Frederick Douglass statue in New York vandalized on anniversary weekend of 'What to the Slave is the Fourth of July' speech
ROCHESTER, N.Y. — On the same weekend in which famed abolitionist Frederick Douglass 168 years ago delivered one of his most historically resonant speeches, a statue of Douglass was toppled from its base and left near the Genesee River gorge.
Located in Maplewood Park, the statue "had been placed over the fence to the gorge and was leaning against the fence" on the river side, according to a statement from Rochester police. The statue was left about 50 feet from its pedestal.
The base and lower part of the statue were damaged, as was a finger on the statue's left hand. The statue has been taken from the park for repairs, according to Lt. Jeffrey LaFave II.
There were no signs of graffiti at the statue or anywhere in the park, police said.
Across the United States, Douglass' July 5, 1852 speech, "What to the Slave is the Fourth of July," has been shared widely on social media and elsewhere as a reminder of the country's legacy of slavery and racism.

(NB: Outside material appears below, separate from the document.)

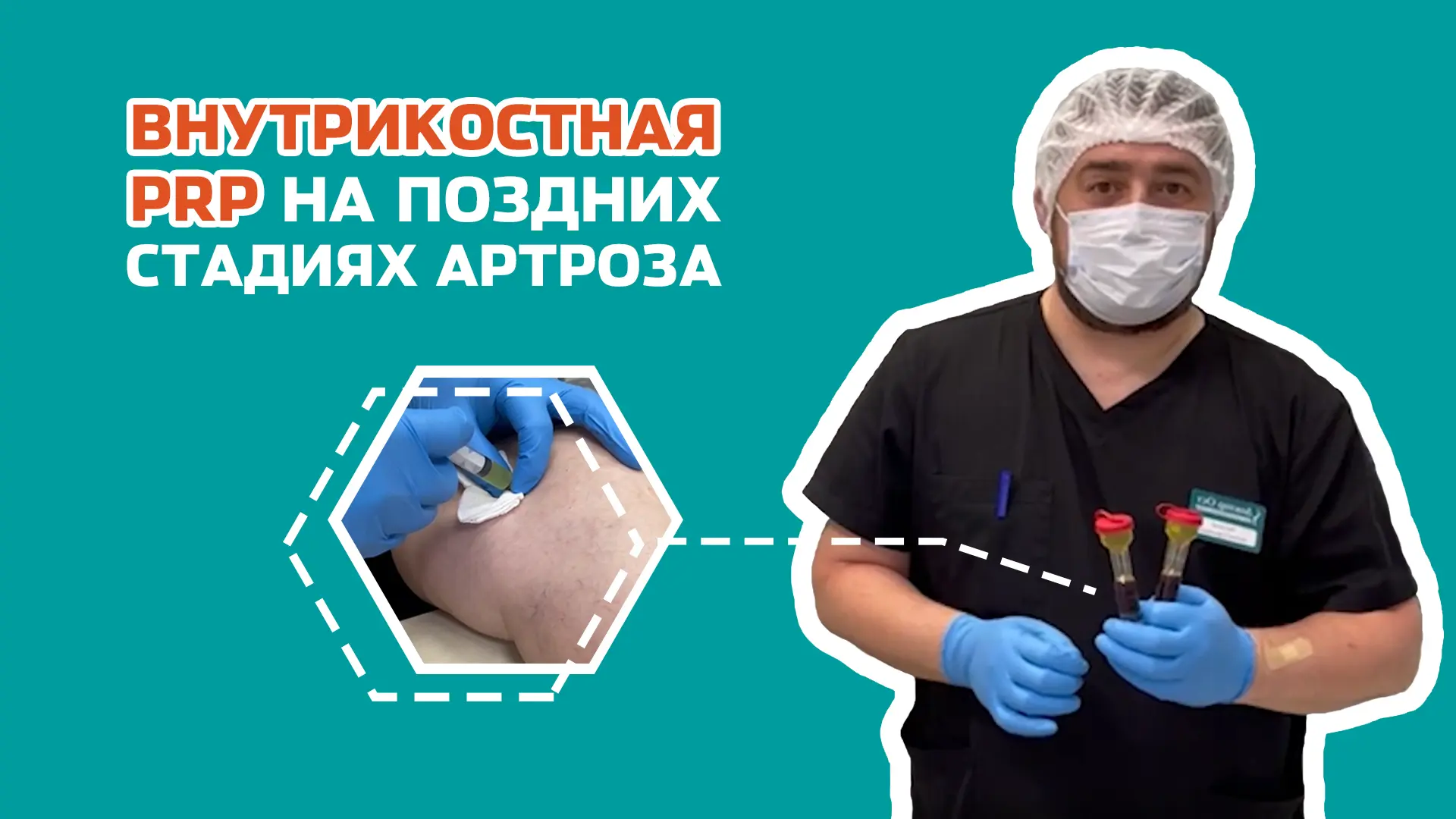 Как работает внутрикостная PRP терапия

Douglass, a former slave, delivered the speech to the Ladies’ Anti-Slavery Society at Corinthian Hall in downtown Rochester. He told the listeners there and beyond that the country could not lay claim to the purest of ideals while willingly enslaving and oppressing its Black citizens.
Douglas credited the signers of the Declaration of Independence as "brave" and "great" men but called out the hypocrisy of celebrating the Fourth of July as a day of freedom while slaves were not free.

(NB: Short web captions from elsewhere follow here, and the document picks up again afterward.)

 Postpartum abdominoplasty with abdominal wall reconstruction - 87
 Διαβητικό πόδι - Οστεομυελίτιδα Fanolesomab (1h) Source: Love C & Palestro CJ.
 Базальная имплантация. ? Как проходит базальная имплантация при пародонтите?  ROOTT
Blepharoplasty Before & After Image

Independence Day to a slave, Douglass said, is “a day that reveals to him, more than all other days in the year, the gross injustice and cruelty to which he is the constant victim.”

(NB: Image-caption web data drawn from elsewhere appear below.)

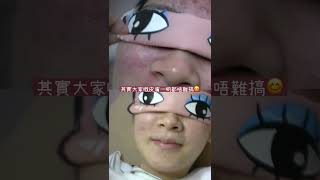 客人個案:皮膚敏感性暗瘡,試過好多方法都唔得,而家兩個月暗瘡同敏感肌都改善咗好多,其實要明白皮膚差嘅原因先可以改善皮膚,記住一定要令皮膚回復健康呀#暗瘡 #針清 #暗瘡印 #敏感肌 #凹凸洞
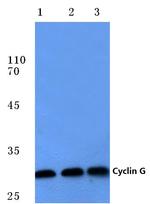 Cyclin G1 Antibody in Western Blot (WB)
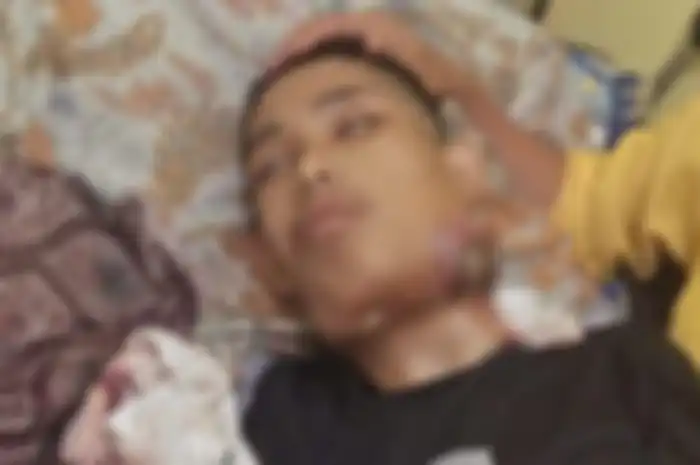 Kondisi Asep Rahayu (22) terbaring lemah dan tidak berdaya  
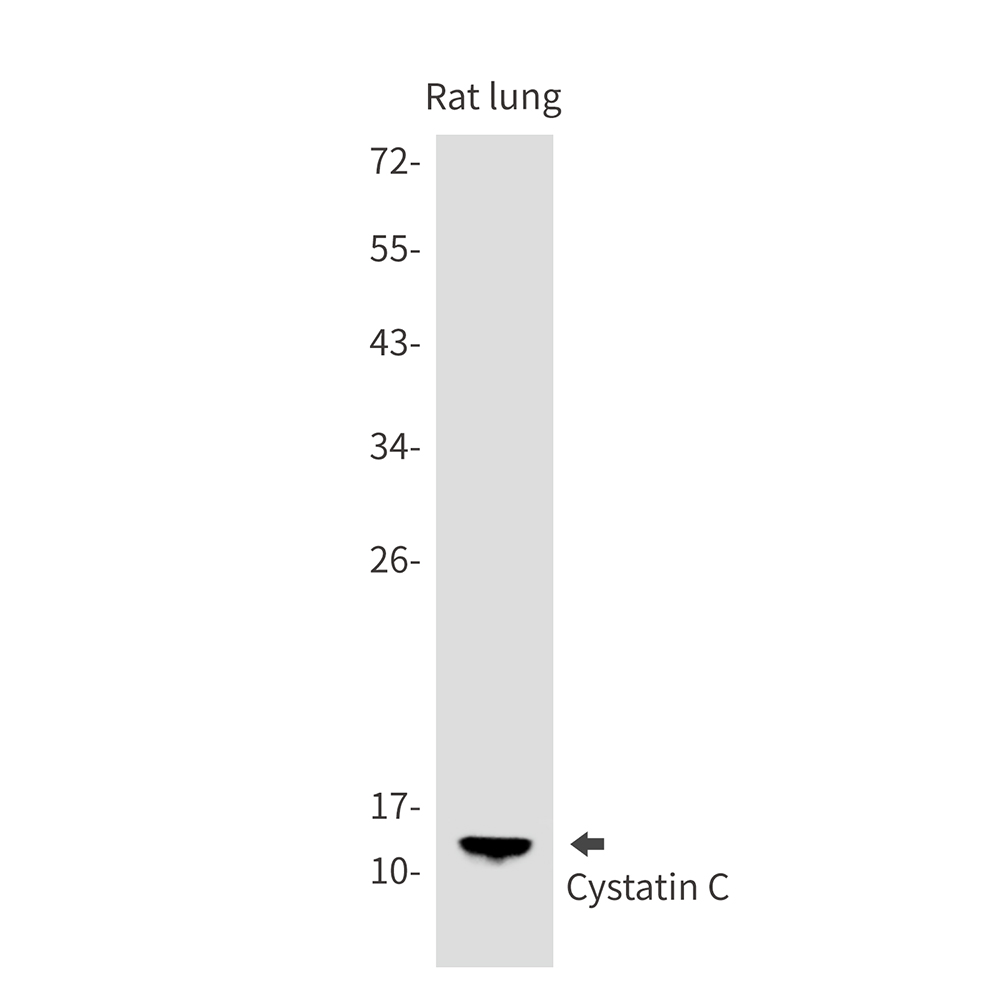 1 - Cystatin C Rabbit mAb AP75322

Douglass, who escaped slavery in Maryland in 1838 and settled in Rochester for about 30 years, said in the speech that the celebration of liberty and citizenship were offensive to the enslaved population.
"Your high independence only reveals the immeasurable distance between us. The blessings in which you, this day, rejoice, are not enjoyed in common. This Fourth July is yours, not mine. You may rejoice, I must mourn."